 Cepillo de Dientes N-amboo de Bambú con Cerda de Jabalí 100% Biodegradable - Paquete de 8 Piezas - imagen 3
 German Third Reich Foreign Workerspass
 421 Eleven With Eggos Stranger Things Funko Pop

...

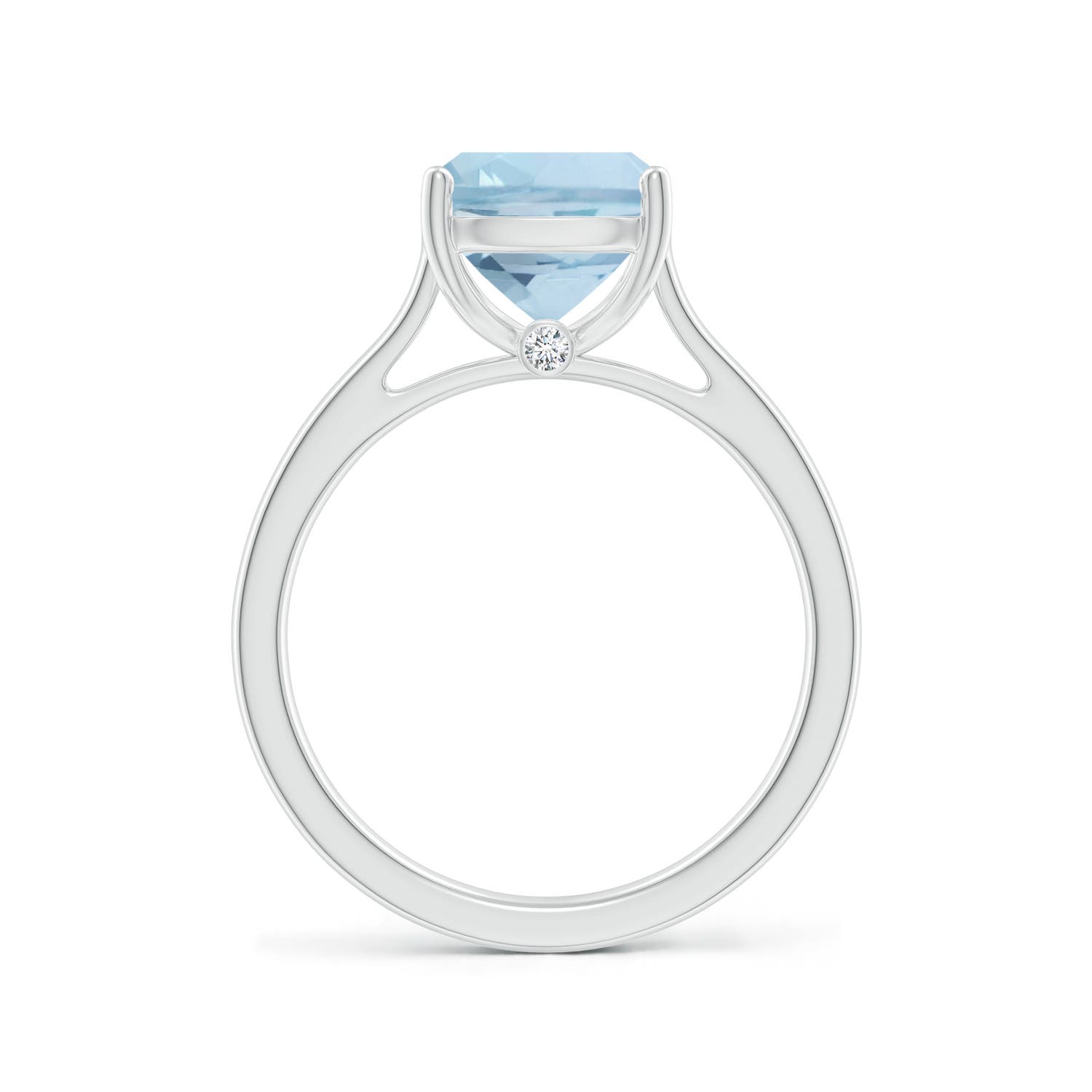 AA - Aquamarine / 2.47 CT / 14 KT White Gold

### WHAT YOU ARE ASKED TO DO
A verbatim transcription is needed of the lines above, starting at the line with "Cepillo de Dientes" and ending at the line with "421 Eleven With", both included, and of nothing else.

### SOLUTION FOR THIS PROBLEM
 Cepillo de Dientes N-amboo de Bambú con Cerda de Jabalí 100% Biodegradable - Paquete de 8 Piezas - imagen 3
 German Third Reich Foreign Workerspass
 421 Eleven With Eggos Stranger Things Funko Pop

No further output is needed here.